The point here is that Databricks is looking for a first-mover advantage against its competitors. It also speaks to a broader consolidation of the AI industry as larger companies absorb these startups.
Databricks and MosaicML Integration
It was reported that MosaicML will be integrated into the Databricks Lakehouse Platform. MosaicML will provide generative AI tools which will complement the existing AI services that Databricks already offers. In a nutshell, MosaicML is like OpenAI in that they are creating and scaling its own LLMs that are entirely built upon its own data. MosaicML already has some major partners that use its LLM including Hippocratic AI, Replit, and the Allen Institute for AI.
But it isn’t just the software that is being integrated with Databricks. MosaicML CEO Naveen Rao is ensuring that he can bring the whole team over to Databricks. The cost of salaries and service integration is another likely reason why the cost for MosaicML rose to the level that it did.
MosaicML is a unique case study in its own right. One way in which MosaicML stands apart from its competition is that its platforms are completely open-source. This community approach to building generative AI LLMs was a major boost for the upstart sector. As of the time of this writing, it has not been revealed if Databricks will allow MosaicML’s code to remain available, or if it will choose to close it off. The impact of this could be beneficial for Databricks as that source code could become much more valuable. One downfall is that it could be damaging to the open-source AI community.
What does this mean for LLMs and the AI industry?
It is one of the first declarations from Databricks that it is gunning for the lead position in the global LLM race. Undoubtedly, the partnership between Databricks and MosaicML will create strong, scalable LLMs that will be in high demand from corporations around the world. As we continue to move towards AI replacing mundane tasks and menial labour, it appears that Databricks is gaining the upper hand.
The deal also comes on the heels of Snowflake’s acquisition of Neeva. It is not an apples-to-apples comparison as Neeva which provides an intelligent search platform for cloud data management. Still, it reiterates the consolidation of the industry and cements Snowflake, Databricks, and OpenAI as the current frontrunners.
Overall, this competitive oneupmanship is likely to benefit humanity over the long run. It will likely cause more dominoes to fall in the industry and set up a period of further mergers and acquisitions. Ultimately, the demand for large language models will continue to rise as corporations around the world attempt to cut costs and improve efficiencies through the integration of generative AI.
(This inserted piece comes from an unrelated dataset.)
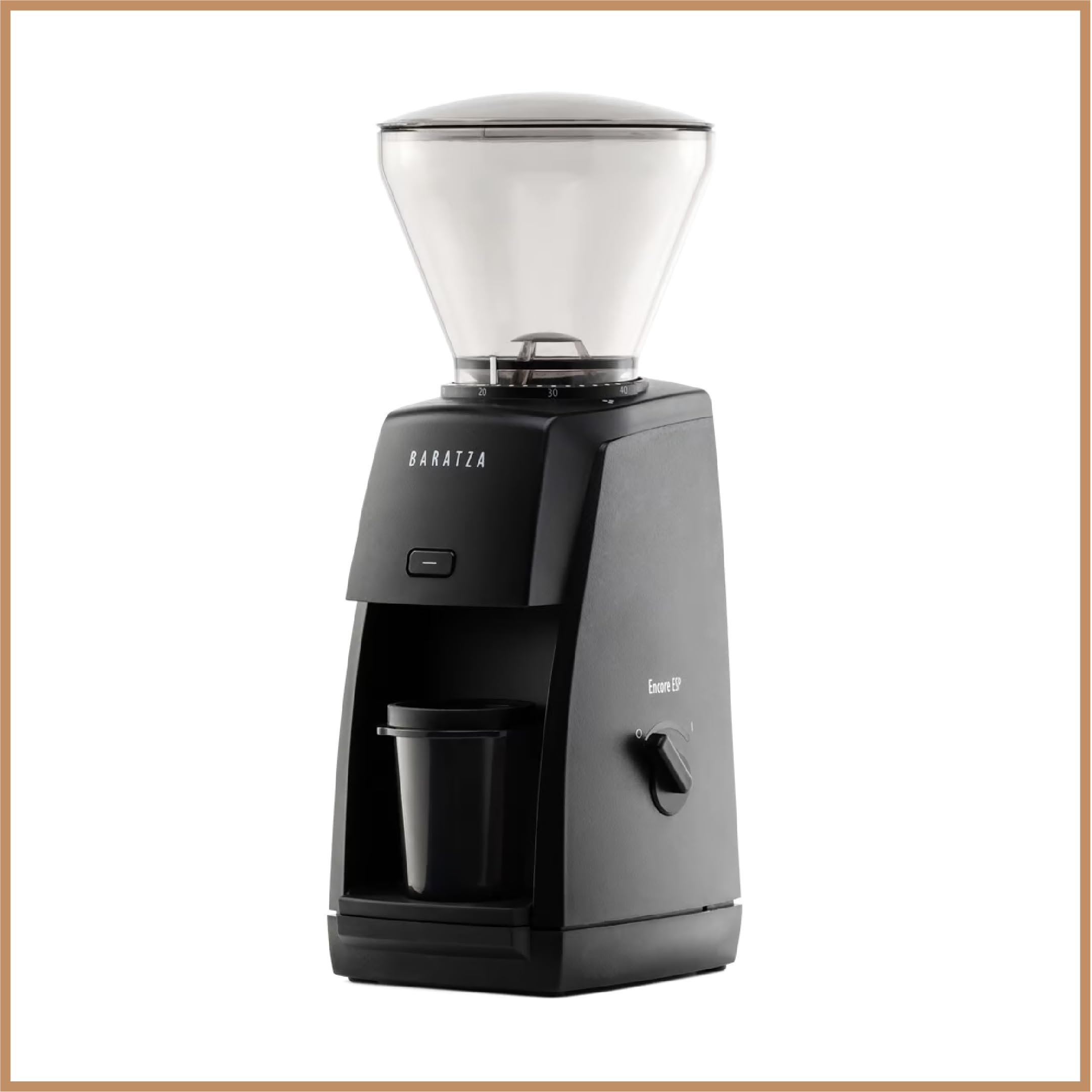 Kaffeemühle Encore ESP für Espresso und Filterkaffee, 40 mm Konus-Stahl-Mahlwerk, 40 Mahlgrade, schwarz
Is AI a bubble? It certainly could be although as of now it seems to have more real-world use than previous bubbles like cryptocurrencies or the Metaverse. Valuations are definitely frothy but we could be on the cusp of a new paradigm that would alter the current path that humanity is on.
Databrick’s acquisition of MosaicML does not establish it as the leader in LLM yet. But it is the first step of many more to come for the company. Corporations will be seeking out more cost-effective, pre-trained LLMs that can come pre-programmed with specific industry knowledge. This saves valuable time and resources for enterprises that would need to train an LLM from scratch. Herein lies the primary advantage that Databricks saw when acquiring MosaicML and why this new partnership could be ready to disrupt an industry that Pitchbook data estimates will be worth nearly $100 billion by 2026.